Sessions had recused himself from overseeing the probe because of personal implications in the issue, instead assigning it to his deputy, Rod Rosenstein. More than that, Sessions had repeatedly made clear that he would not interfere in the process and that he would also not fire or reassign Rosenstein. Sessions' refusal to ax Rosenstein or cripple the Mueller probe was naturally deemed a personal affront by a president who has little interest or patience for the rule of law. Trump views everything as a potential danger, so it was always clear that Sessions had to go and that Rosenstein likely will have to follow soon.

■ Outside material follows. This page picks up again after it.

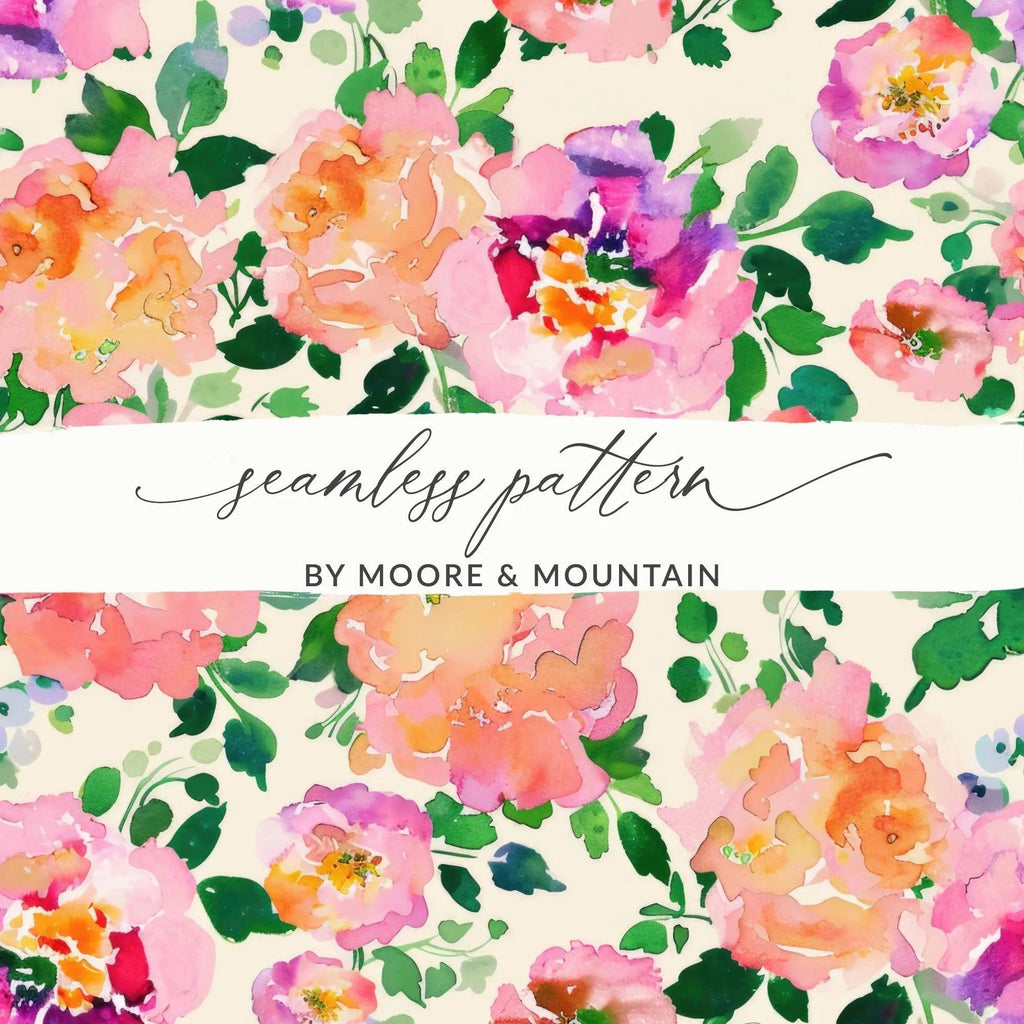 Watercolor Floral Digital Paper, Peony Flower Seamless Pattern, Pink Purple Flowers, JPEG Files for Fabric, Crafts, Digital Paper Pack - Moore and Mountain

But we are not at that point yet. Of course it is the clear prerogative of a president to dismiss his attorney general. Trump obviously knows this and appears to bet that firing Sessions alone will not trigger enough bipartisan outrage to endanger him. He may be right. But the fact that Sessions' acting successor, Matthew Whittaker, has previously voiced strong doubts about the Mueller probe and mulled over how to hamper and slow down the investigation is alarming — and probably the reason why Trump selected him.
A challenge to Congress
Whittaker's previous musings about undermining the Mueller probe and capping its finances — views long shared by others in Trump's circle — may hint at what the White House's strategy might be. Instead of ordering Whittaker to fire Rosenstein outright and close the investigation, which likely would trigger impeachment proceedings, Trump may want Whittaker to slowly cripple the Mueller probe financially and structurally and hope he can get away with it.
Democrats and Republicans must not let that happen. Trump, on day one after the midterms, has just issued the biggest challenge imaginable to Congressional lawmakers. It is essential for democracy and the rule of law that they answer it swiftly and decisively.